The reason trace chemicals in tampons get more scrutiny than, say, trace chemicals in a cotton T-shirt comes down to how the body absorbs them. Vaginal tissue is a mucous membrane. It has a rich blood supply and lacks the tough outer layer of skin that acts as a barrier elsewhere on the body. Medications delivered vaginally (hormones, for example) are designed to take advantage of this, entering the bloodstream without passing through the digestive system first, which means they bypass the liver’s filtering process.

This doesn’t automatically mean every contaminant in a tampon reaches your bloodstream. Absorption depends on the specific chemical, its concentration, and how easily it dissolves from the tampon fiber. Research on drug absorption through mucosal membranes shows that lipophilic (fat-soluble) compounds absorb more readily through vaginal tissue, while water-soluble compounds absorb less efficiently. Metals behave differently than organic chemicals, and whether they leach from cotton fibers in the warm, moist vaginal environment hasn’t been directly measured yet.

What the FDA Requires

Tampons are regulated as medical devices in the United States. Before a tampon can be sold, the manufacturer must test both the finished product and its raw materials for biocompatibility and safety. The FDA reviews these results before granting market authorization. Every tampon currently sold legally in the U.S. has gone through this process.

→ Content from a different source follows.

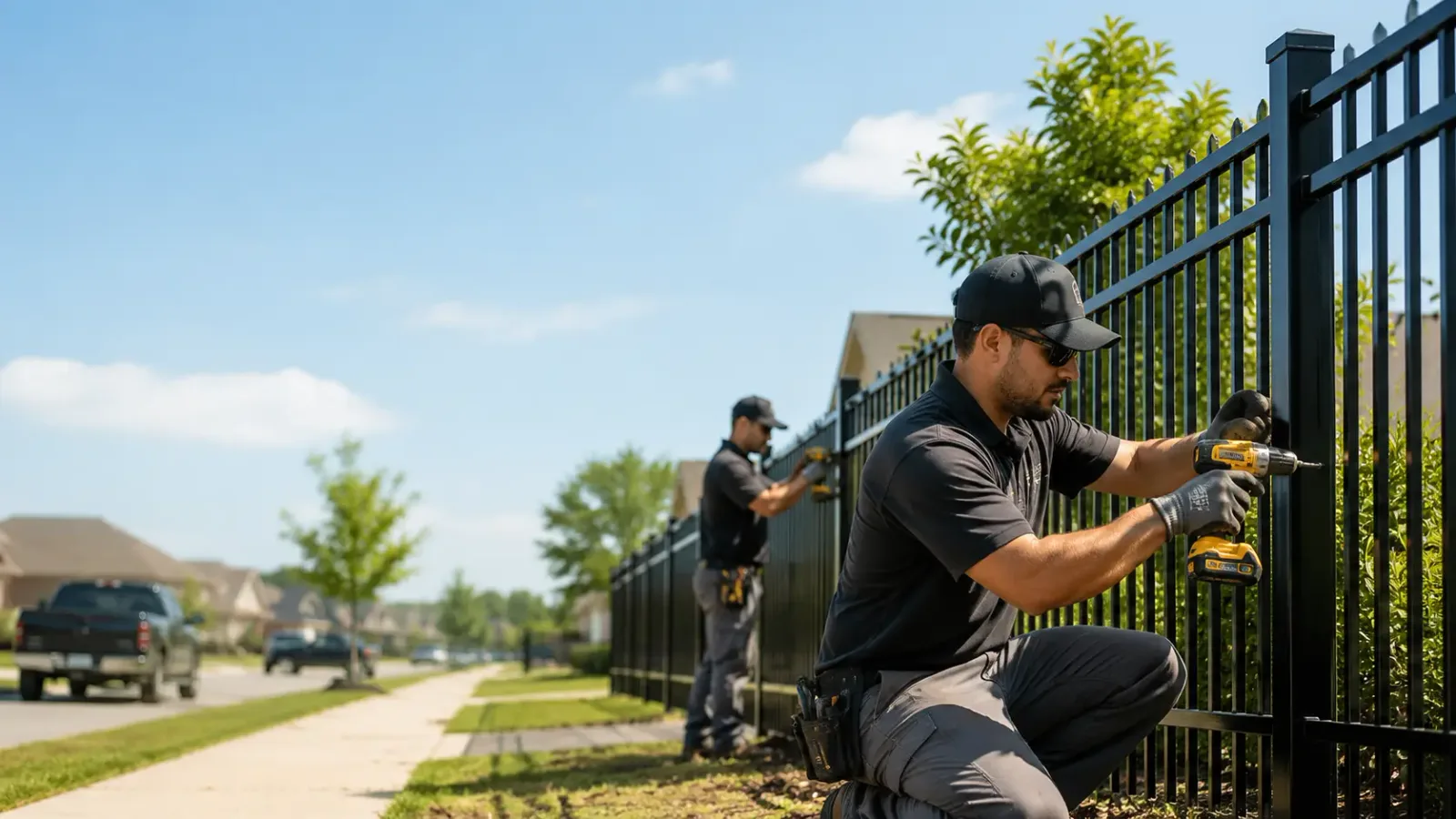 Metal Fence Installation in Santo, TX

What the FDA does not require is a full ingredient list on the package. New York is currently the only state that mandates menstrual product labeling, though legislative efforts at both the state and federal level have pushed for broader disclosure. This means that in most of the country, you can’t look at a tampon box and know exactly what chemicals are present in the product, even at trace levels. Manufacturers aren’t hiding ingredients maliciously; the regulatory framework simply hasn’t caught up with the growing body of detection data.

Putting the Risk in Perspective

A 2023 safety assessment found that all substances used in tampon production met established safety margins, with no adverse effects observed in clinical trials and minimal impact on vaginal microbiota. That’s reassuring in the short term. The less settled question involves cumulative exposure. A person who menstruates might use more than 10,000 tampons over a lifetime, each one sitting against absorptive tissue for several hours. Whether decades of repeated low-level exposure to lead, cadmium, arsenic, and VOCs carries meaningful risk is something current safety testing wasn’t designed to answer.

Some research has hinted at biological effects. One study found associations between tampon use and biomarkers of oxidative stress, a type of cellular damage linked to inflammation. The researchers speculated that contaminants like pesticides in tampons could be contributing to these markers, though the study couldn’t prove a direct cause.

If you want to reduce your exposure, your options include switching between tampons and non-insertable products like pads or period underwear, choosing products from brands that publish third-party testing results, or using menstrual cups (though these have their own material considerations). No tampon, organic or conventional, is completely free of trace contaminants. The practical question is whether the levels present are high enough to matter, and for now, the evidence says probably not for any single tampon, but the lifetime picture remains an open question.